Prezzi alle stelle e provenienza incerta
Se nei campi si piange, sui banchi dei mercati la situazione non è molto più rosea, almeno per i consumatori. Le poche ciliegie italiane disponibili hanno raggiunto prezzi record, arrivando in alcune catene della grande distribuzione a sfiorare i 23,3 euro al chilo. Ma spesso, denunciano le associazioni agricole, non è chiaro nemmeno da dove provengano. Coldiretti segnala infatti una preoccupante diffusione di ciliegie d’importazione – in particolare da Egitto, Tunisia e Marocco – spacciate per prodotto italiano, in assenza di adeguate indicazioni di origine in etichetta.
Una doppia beffa per i produttori locali: da un lato i raccolti distrutti, dall’altro la concorrenza sleale e la confusione sul mercato, che mina la fiducia del consumatore e deprezza il lavoro di chi produce in Italia.
Una filiera distorta
Oltre al danno climatico e alle speculazioni, emerge con forza un ulteriore problema strutturale: il divario crescente tra quanto incassa il produttore e il prezzo finale pagato dal consumatore.
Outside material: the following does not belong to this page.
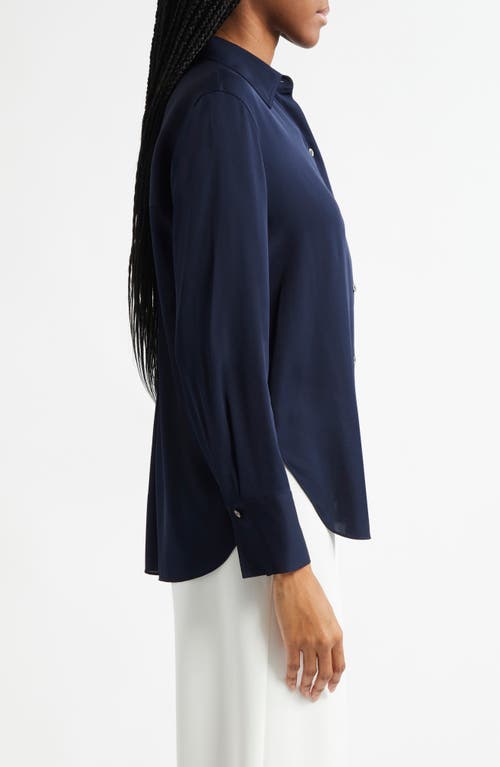 Vince Relaxed Linen Button-front Shirt In Blue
Una forbice che si allarga ogni anno di più e che denuncia, ancora una volta, le distorsioni di un sistema distributivo che penalizza chi lavora la terra.
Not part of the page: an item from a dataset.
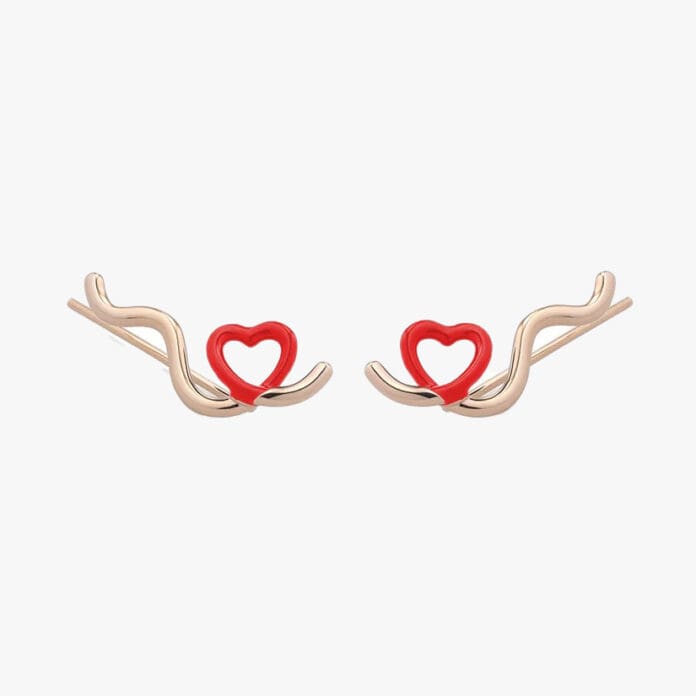 Bea Bongiasca double heart earrings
Per questo Coldiretti ha chiesto il riconoscimento dello stato di calamità naturale per i territori colpiti e l’attivazione urgente di misure economiche straordinarie a sostegno degli agricoltori. In parallelo, l’organizzazione agricola sollecita controlli più stringenti sull’origine della frutta in vendita, anche attraverso l’intervento della polizia municipale, per contrastare frodi e pratiche scorrette.
La risposta della filiera corta
In questo contesto di emergenza, alcuni produttori stanno puntando sulla vendita diretta per salvare il salvabile. Banchi in azienda, mercati contadini e piattaforme digitali consentono ai consumatori di acquistare frutta locale tracciata, sostenendo direttamente chi produce. Un modo per garantire qualità e trasparenza, ma anche per difendere un patrimonio agricolo e culturale messo sempre più a rischio dal cambiamento climatico e da un mercato che, troppo spesso, dimentica la terra da cui nasce il prodotto.
Le condizioni meteorologiche avverse, come siccità e fenomeni estremi, hanno compromesso in generale la produzione agricola. Ad esempio, la campagna 2024/25 delle arance è stata caratterizzata da un’offerta limitata a causa della siccità e di eventi meteo sfavorevoli. Inoltre, l’inflazione ha colpito duramente il settore alimentare. Ad aprile 2025, si è attestata al 1,9%, ma il “carrello della spesa”, che include beni alimentari essenziali come frutta e verdura, ha registrato un aumento del 2,6%. Questo incremento è attribuibile anche all’aumento dei costi energetici e dei servizi di trasporto.
Come evidenziato, questo va a discapito del prodotto italiano rispetto a quello importato, non sempre in modo chiaro. Un’estate senza (tante) ciliegie è un’estate un po’ più triste, ma è fondamentale supportare i produttori nazionali, rappresentanti di una tradizione storica ma anche di innovazione nelle colture.